[Final Write-Up]

Check in #2


Adam Wang, Andrew Yuan, Sean Zhan, Paul Zhou


Profitable automated stock trading strategy is vital to investment companies and hedge funds. It is applied to optimize capital allocation and maximize investment performance, such as expected return. Return maximization can be based on the estimates of potential return and risk. However, it is challenging to design a profitable strategy in a complex and dynamic stock market. We will use deep reinforcement learning (DRL) to solve the algorithmic trading problem of determining the optimal trading position at any point in time during a trading activity in the stock market. We will be implementing the actor-critic policy gradient algorithm for the RL agent and use an LSTM as the function approximator for action-value functions.

Related Work

Adaptive stock trading strategies with deep reinforcement learning methods In this paper, Wu et al. proposed a method to use GRU to extract important financial features form the stock data, and used both a Gated Deep Q Network and a Gated Deterministic Policy Gradient Network to to stock trading. They used historical stock data from 2008 - 2018 (consisting of prices and technical indicators from 9 different stocks) in the U.S., the U.K. and China as their training and testing data set. It is found that the proposed GDQN and GDPG not only outperform the turtle trading strategy, but also achieve more stable returns than state-of-the-art direct RL method and DRL strategies. It is also found that GDPG with an actor-critic framework is more stable than the GDQN with a critic-only framework in the ever-evolving stock market.

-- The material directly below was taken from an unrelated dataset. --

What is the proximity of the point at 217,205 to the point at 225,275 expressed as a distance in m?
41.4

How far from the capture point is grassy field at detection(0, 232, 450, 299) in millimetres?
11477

Application of Deep Q-Network in Portfolio Management uses a Deep Q-Network for portfolio management in a stock market.They propose an architecture combines a convolutional neural network and a Q-net, and they propose a discretization of the action space, defined as the weight of the portfolio in different assets. The state received by the Deep Q-Network consists of the portfolio weight vector from the previous period and the price tensor that includes closing, opening, highest and lowest price for the assets in the previous đť‘› days for some window n. They use a train-set Jan 2 2015 - Dec. 30 2016 and the test-test Jan 5 2017 - Nov. 17 2017 of daily data. The results were evaluated using three metrics: the cumulative rate of return, the Sharpe Ratio and the Maximum Drawdown. They compared with traditional strategies such as Robust Mean Reversion, the Uniform Buy and Hold, and Online Moving Average Reversion and their results show to be 30% more profitable.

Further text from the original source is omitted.